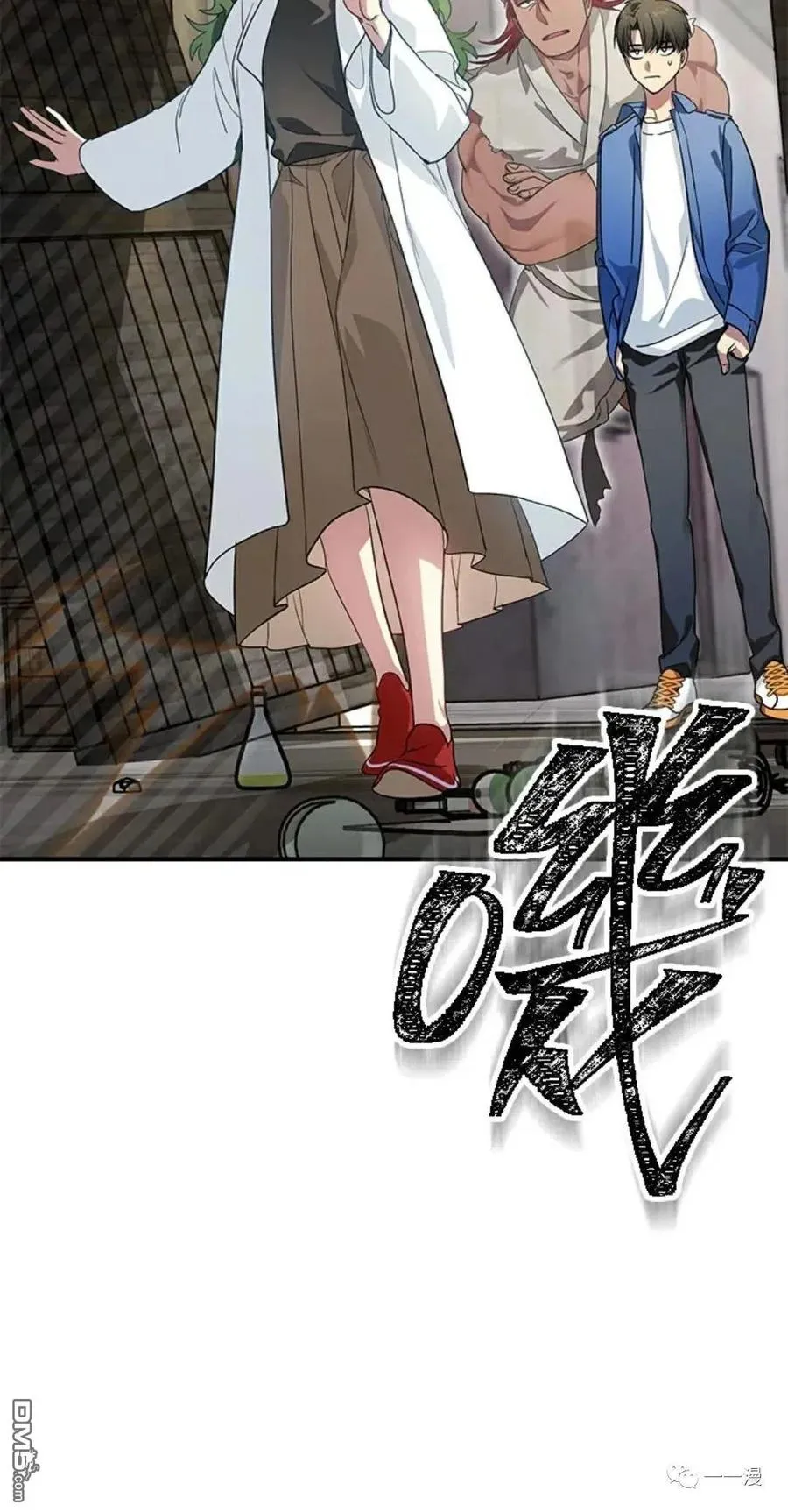 第10话 第3页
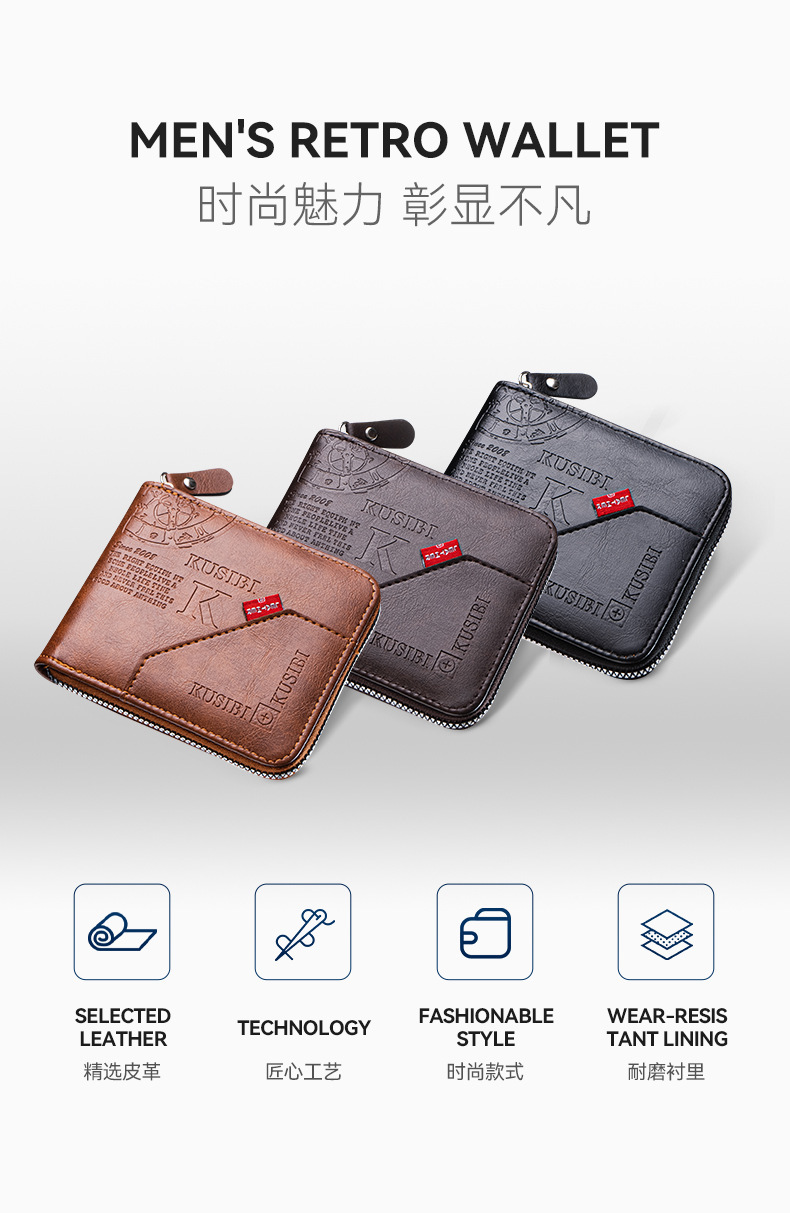 跨境多功能零钱包插卡证件包包批发男士钱包复古横款拼皮详情1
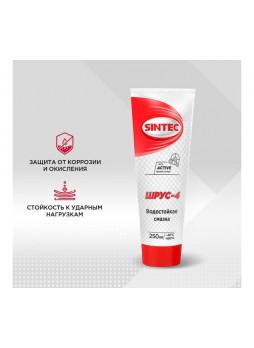 Оптом Смазка Sintec ШРУС-4 250 г Обнинскоргсинтез 963325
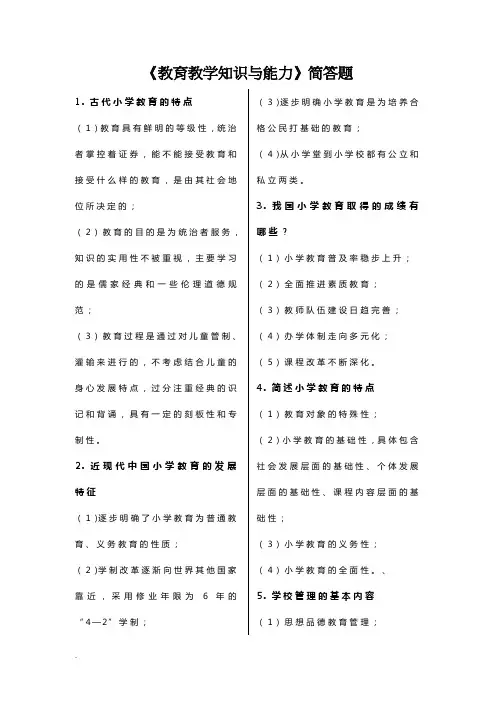 小学教师资格证《教育教学知识与能力》简答题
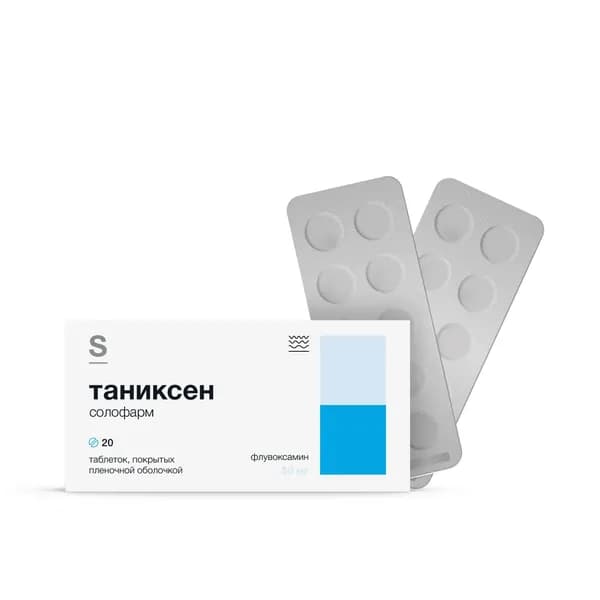 Таниксен СОЛОфарм таблетки п/о плен. 50мг 20шт
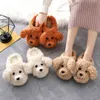 Pantofole Realistiche 3d Teddy Dog Donna Uomo Peluche Inverno Caldo Scarpe con suola morbida Coppie Home Ladies Camera da letto interna Slip on Fur Slides 220329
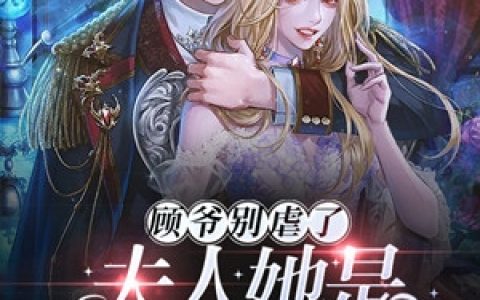顾爷别虐了夫人她是替你顶罪的(顾熵韩锦锦)完结版在线阅读_(顾爷别虐了夫人她是替你顶罪的)全集免费在线阅读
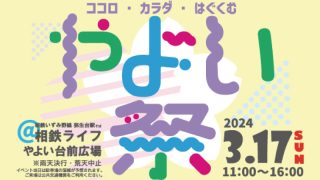 「やよい祭2024」2024年3月17日（日）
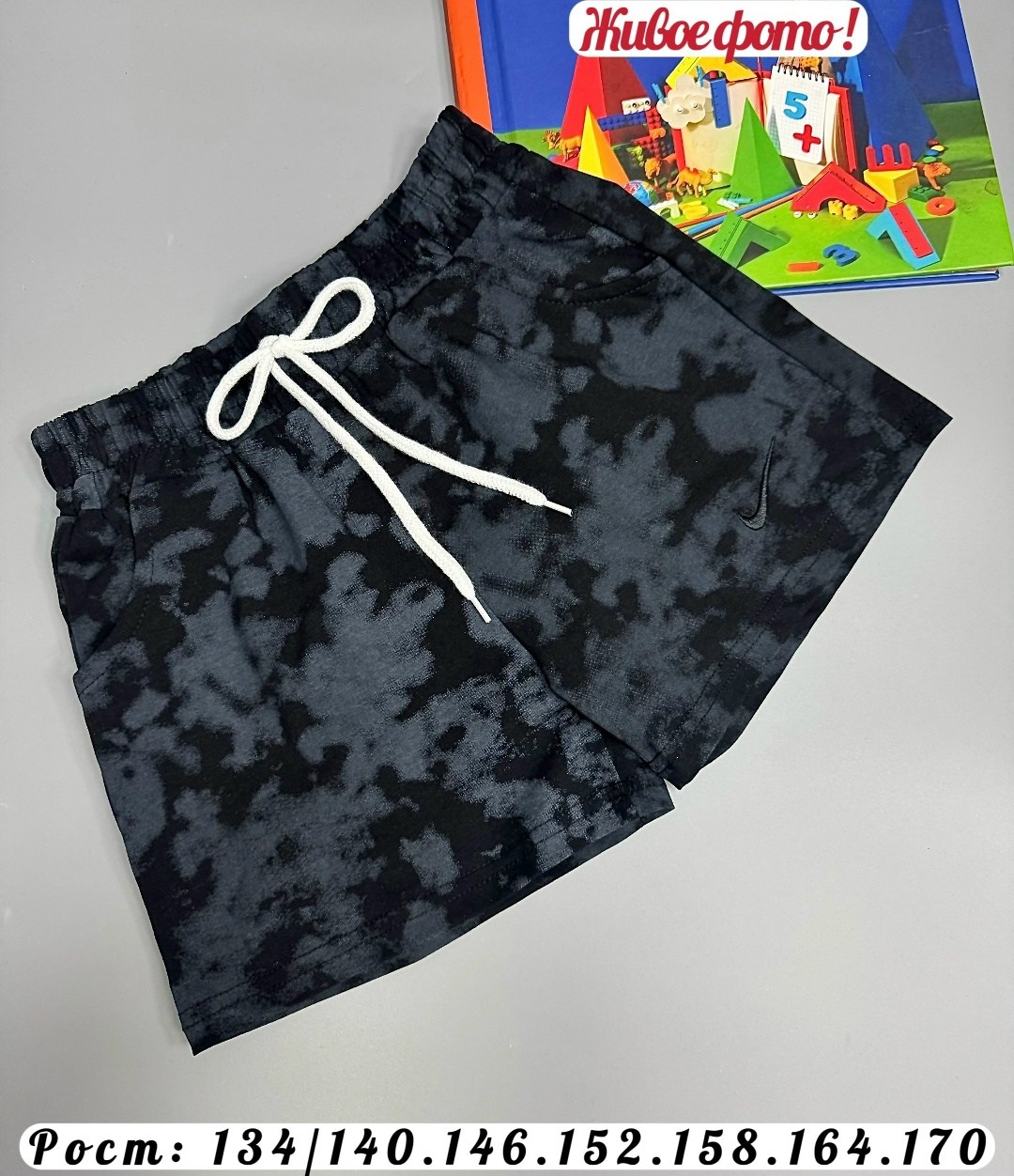 шорты для девочек,шорты для девочки трикотажные,розовые шорты,шорты трикотажные,шорты женские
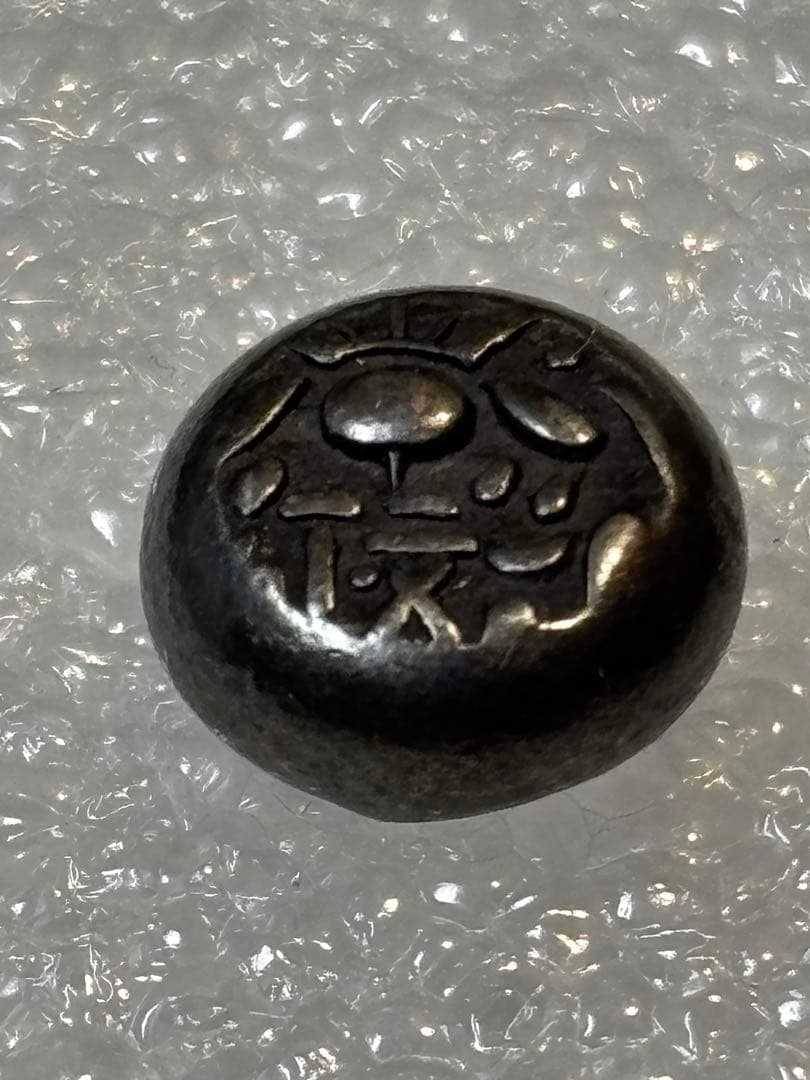 天保豆板銀 両面大黒 4.4g | 明治以前の日本の古銭,丁銀・豆板銀,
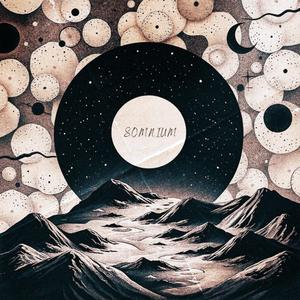 Somnium
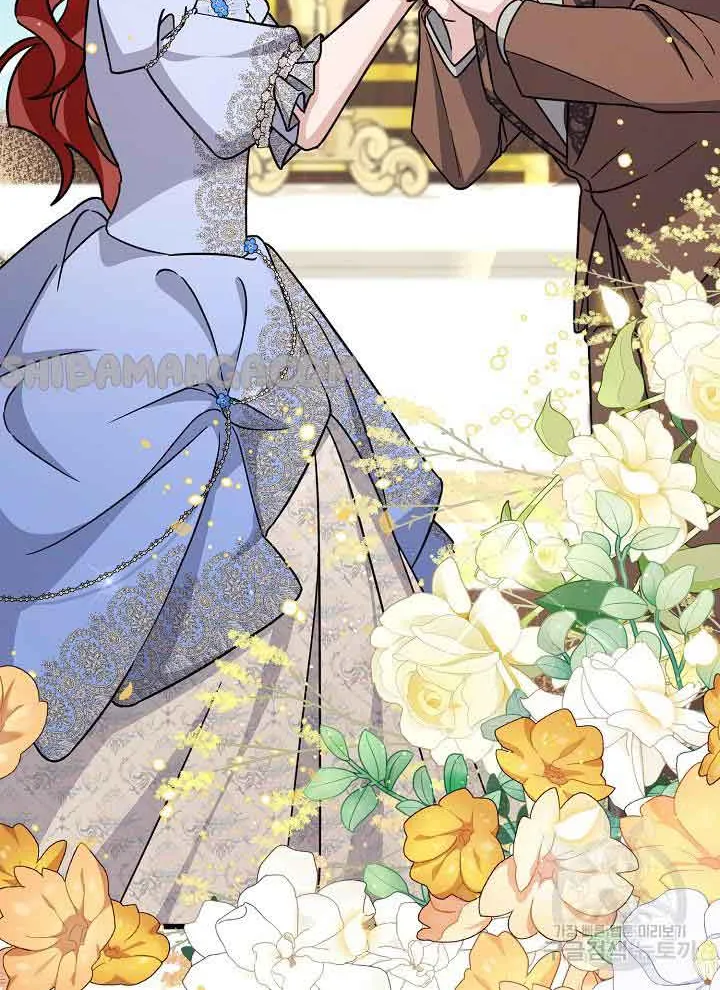 Read I’m Sure It’s My Baby chapter 21 image 62 on Lezhin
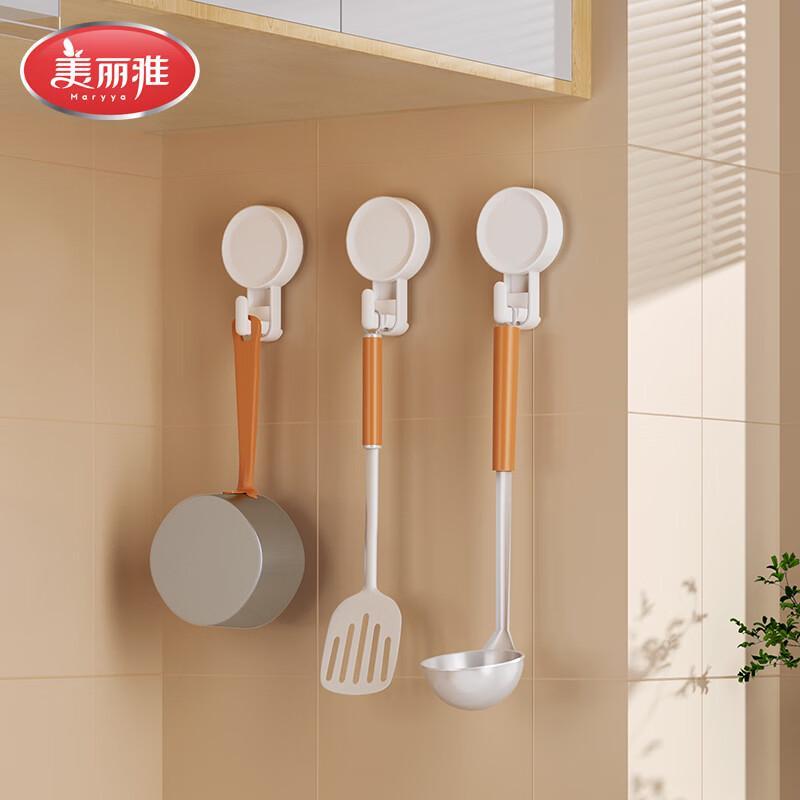 Meiliya Strong Suction Cup Hooks (3-Pack)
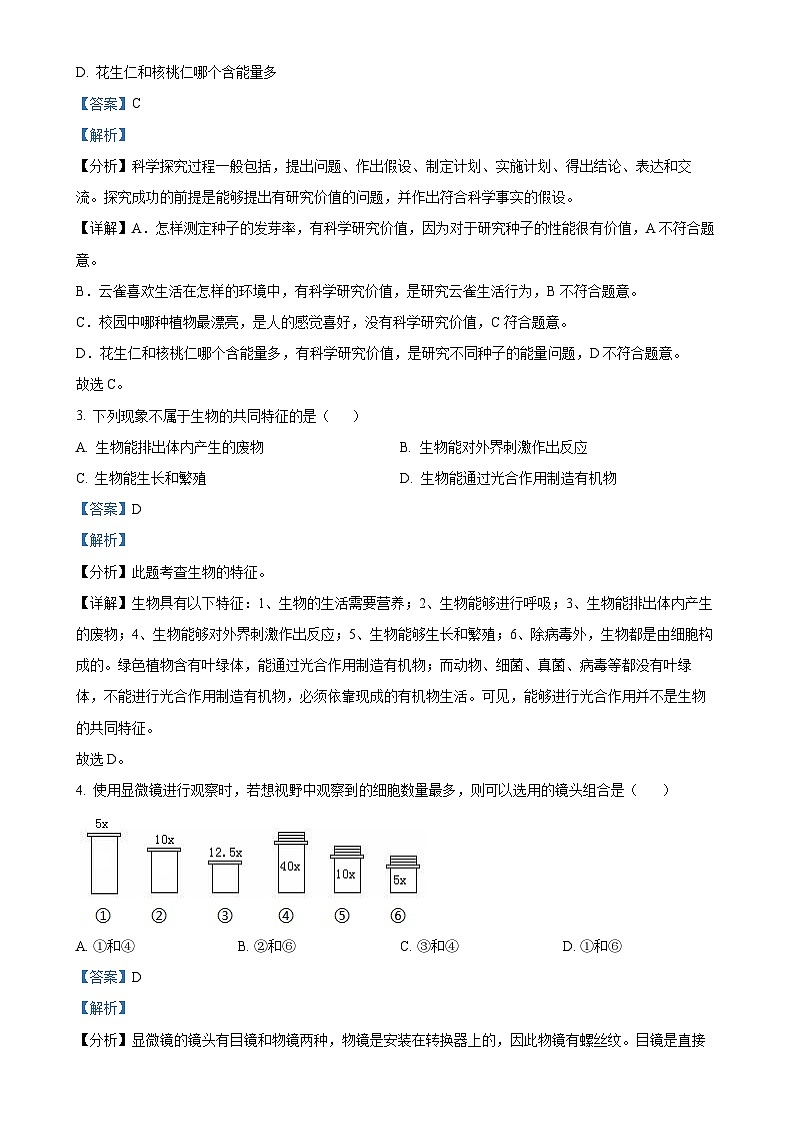 云南省昆明市八校联考2024-2025学年七年级上学期期中生物试题（解析版）-A4第2页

○ ○ ○ ○ ○ ○ ○

Task directions: Print each entry above exactly. The pictures should not be printed.

Response area:
 第10话 第3页
 跨境多功能零钱包插卡证件包包批发男士钱包复古横款拼皮详情1
 Оптом Смазка Sintec ШРУС-4 250 г Обнинскоргсинтез 963325
 小学教师资格证《教育教学知识与能力》简答题
 Таниксен СОЛОфарм таблетки п/о плен. 50мг 20шт
 Pantofole Realistiche 3d Teddy Dog Donna Uomo Peluche Inverno Caldo Scarpe con suola morbida Coppie Home Ladies Camera da letto interna Slip on Fur Slides 220329
顾爷别虐了夫人她是替你顶罪的(顾熵韩锦锦)完结版在线阅读_(顾爷别虐了夫人她是替你顶罪的)全集免费在线阅读
 「やよい祭2024」2024年3月17日（日）
 шорты для девочек,шорты для девочки трикотажные,розовые шорты,шорты трикотажные,шорты женские
 天保豆板銀 両面大黒 4.4g | 明治以前の日本の古銭,丁銀・豆板銀,
 Somnium
 Read I’m Sure It’s My Baby chapter 21 image 62 on Lezhin
 Meiliya Strong Suction Cup Hooks (3-Pack)
 云南省昆明市八校联考2024-2025学年七年级上学期期中生物试题（解析版）-A4第2页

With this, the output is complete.